Over the last few years I’ve really started to stress an important point in my financial work – the fact that all investment decisions are active even if they are made infrequently or automatically. That is, when anyone deviates from the global cap weighted portfolio they are making active decisions. Likewise, when you automate your process via rebalancing, dollar cost averaging, etc you are making an active decision to streamline the timing of your active investment decisions.

This is important to understand because there is a necessary degree of active and forward looking decision making that goes into any sort of portfolio management. The idea of a truly “passive” portfolio is mythological. No one just sets and forgets a global cap weighted portfolio for hundreds of years.  We necessarily intervene at points. This is fine so long as it’s done in an intelligent manner.

But this idea isn’t only true in finance. It is true in government policy as well.  Unfortunately, the idea of a “passive” portfolio management style and a non-discretionary policy style comes from the same erroneous economic foundation built by the Chicago School of Economics and believers in the Efficient Market Hypothesis.  The basic thinking in these underlying thought processes is that “the market” is smarter than anyone who intervenes. In essence, we can’t “beat the market” because the market is smarter than all of us. On the government policy side this idea is perpetuated to construct the belief that we shouldn’t intervene in the markets because the discretionary decisions will not be as smart as “the market”.  But this makes no sense. Even automated policy or “rule based” policy is ultimately a form of “active” or discretionary policy.

For instance, when the economy expands the budget deficit contracts. This doesn’t happen because of some “natural” market force. It happens because we constructed the system in a manner so that unemployment benefits decline and tax receipts increase when the economy is performing better. We call these “automatic stabilizers”, but they are only automatic because we made a discretionary decision to make them automated.  This is no different than setting a portfolio to rebalance back to 60/40 every time it hits 65/35. Although the rebalancing might be automated by some technology we chose to implement that rebalancing rule – it is a very active decision that involved an initial degree of discretion.

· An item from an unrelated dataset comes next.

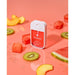 Touchland Wild Watermelon Power Mist hydrating hand sanitizer surrounded by fresh fruit slices.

The  ideas of “passive investing” and “non-discretionary” policy are promoted by people who think that “the market” is some all knowing and all seeing entity. These people are almost always anti-government promoters who are trying to use deceptive terminology to convince us that their ideology is correct so that we limit any type of government intervention. But they don’t realize that any decision that intervenes, whether it be automated or not, is very active/discretionary.  There isn’t some “natural” course of action that takes place here. There are only the discretionary decisions that market participants make and the effects they have.

Unfortunately, this ideology has perpetuated the myth that any discretionary or active intervention is necessarily bad when the reality is that active and discretionary decisions are a necessary part of adapting and evolving with an ever changing financial system. Our financial lives change and must evolve with the financial system which makes some degree of active investment management necessary and intelligent. Likewise, our financial system is constantly evolving and requires some degree of discretionary intervention.  Active management and discretionary policy are not necessarily negative (though they certainly can be).  They are a necessary part of any intelligent approach to portfolio management and government policy. Don’t let anyone try to convince you otherwise.